• WORK INSTRUCTIONS
Take the line that holds "15561 Pine Point Drive Property Photo 36" and every line after it to the end of the entries, and repeat them exactly without the pictures.

• GIVEN DATA
______________________________

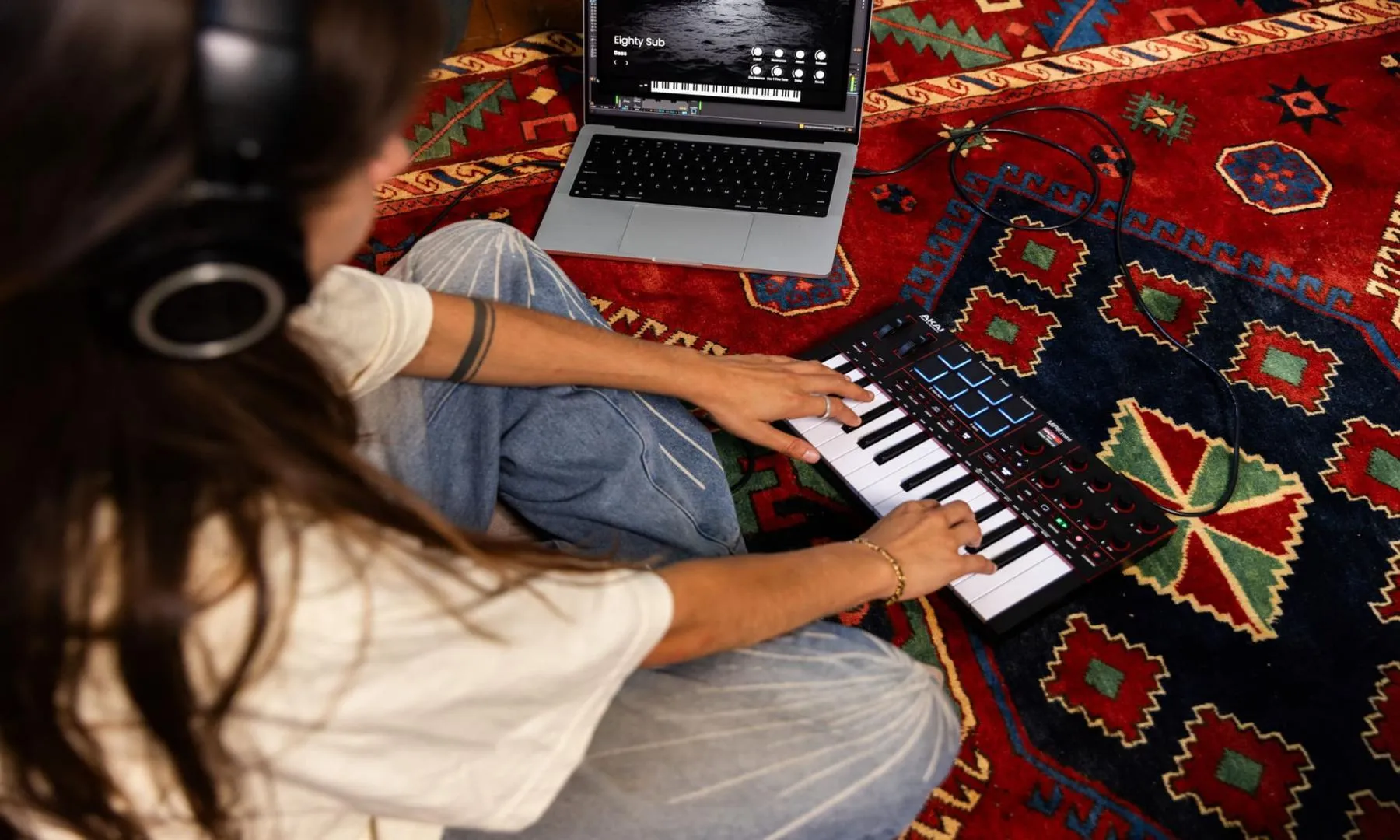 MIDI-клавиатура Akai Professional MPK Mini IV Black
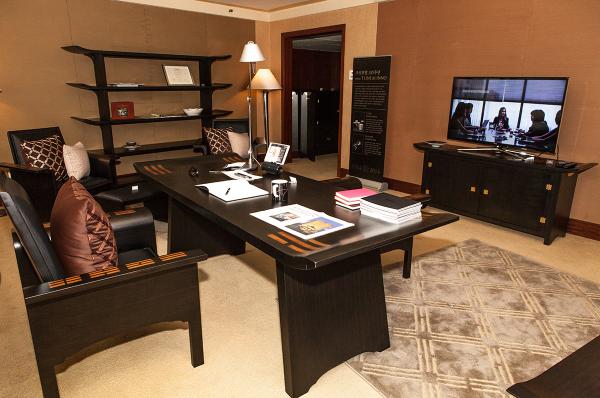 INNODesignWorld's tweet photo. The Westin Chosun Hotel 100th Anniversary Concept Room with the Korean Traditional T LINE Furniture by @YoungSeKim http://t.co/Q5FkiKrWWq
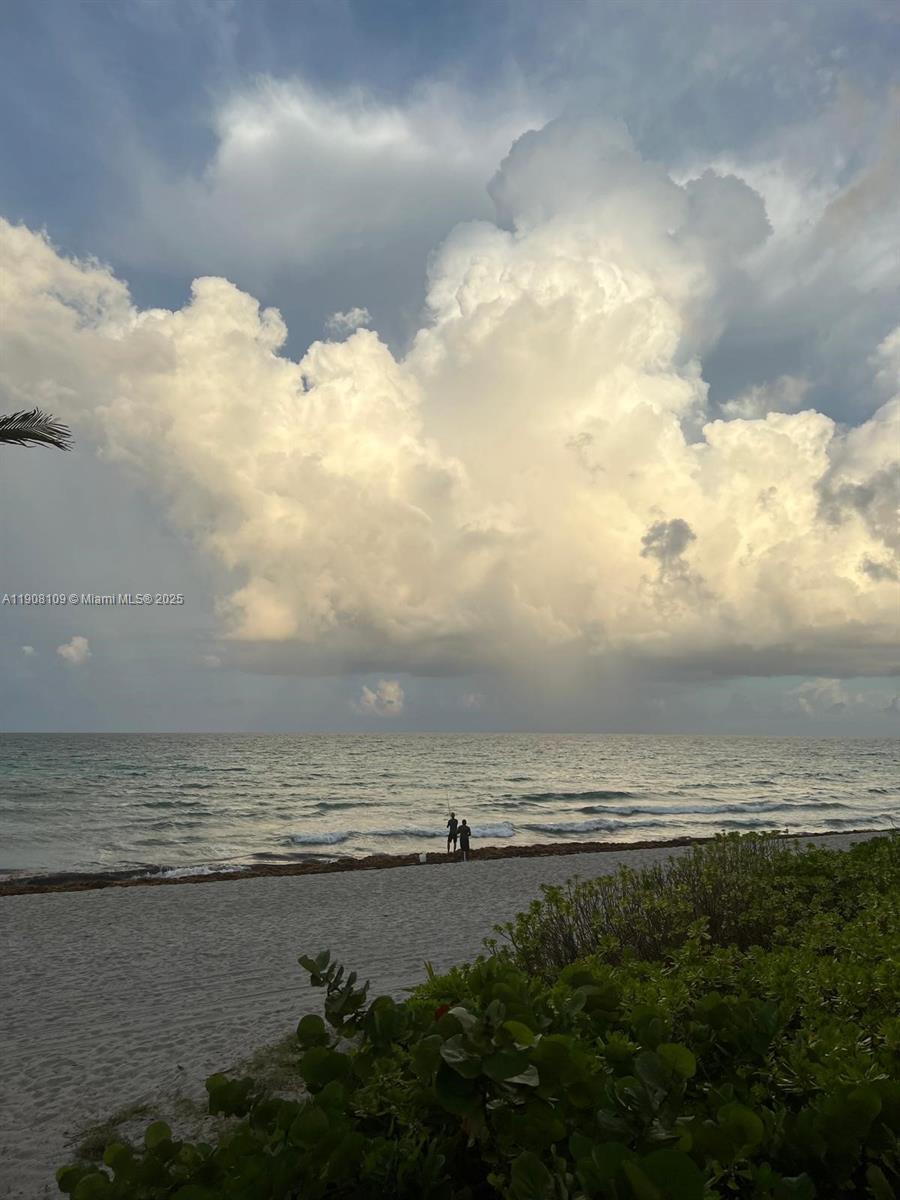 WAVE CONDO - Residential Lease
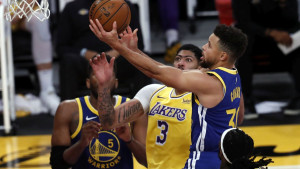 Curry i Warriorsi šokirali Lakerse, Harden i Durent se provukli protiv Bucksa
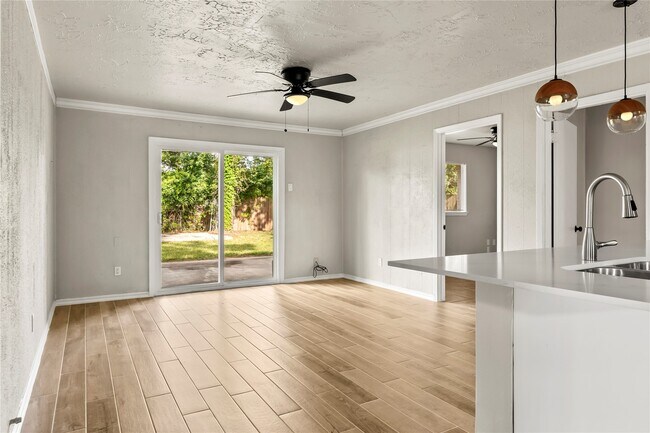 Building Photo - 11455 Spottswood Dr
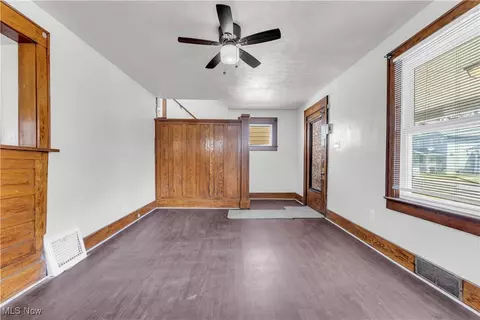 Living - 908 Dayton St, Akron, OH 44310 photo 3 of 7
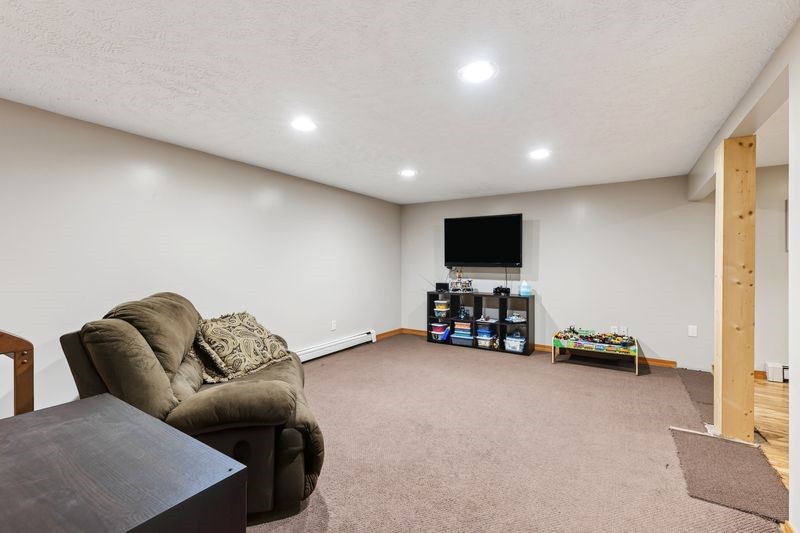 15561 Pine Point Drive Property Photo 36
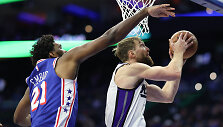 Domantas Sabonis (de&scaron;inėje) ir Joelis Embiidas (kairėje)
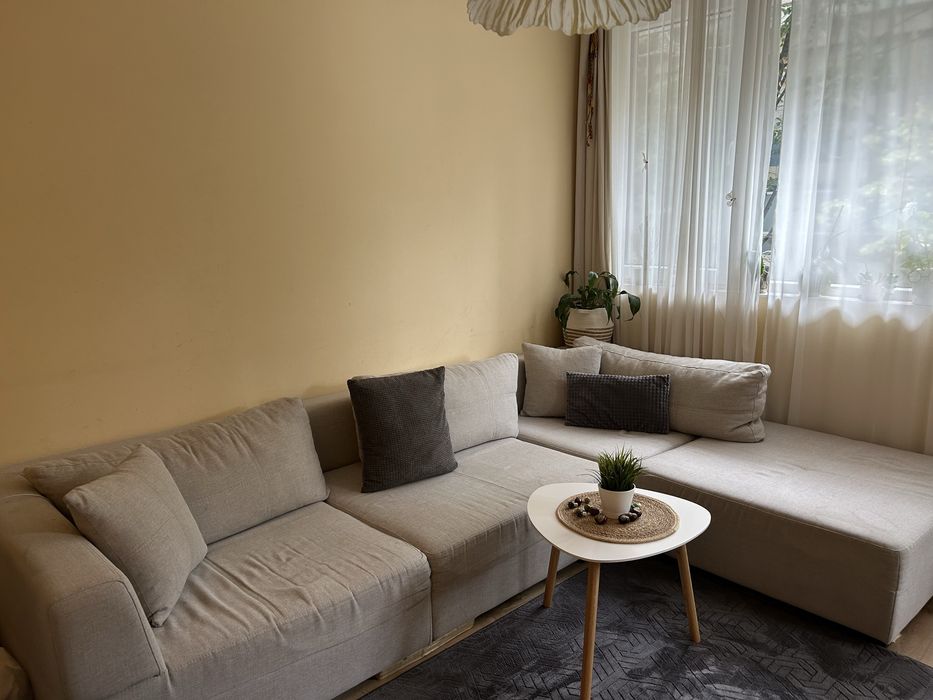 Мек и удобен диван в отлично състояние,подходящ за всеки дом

______________________________

• EXERCISE SOLUTION
 15561 Pine Point Drive Property Photo 36
 Domantas Sabonis (de&scaron;inėje) ir Joelis Embiidas (kairėje)
 Мек и удобен диван в отлично състояние,подходящ за всеки дом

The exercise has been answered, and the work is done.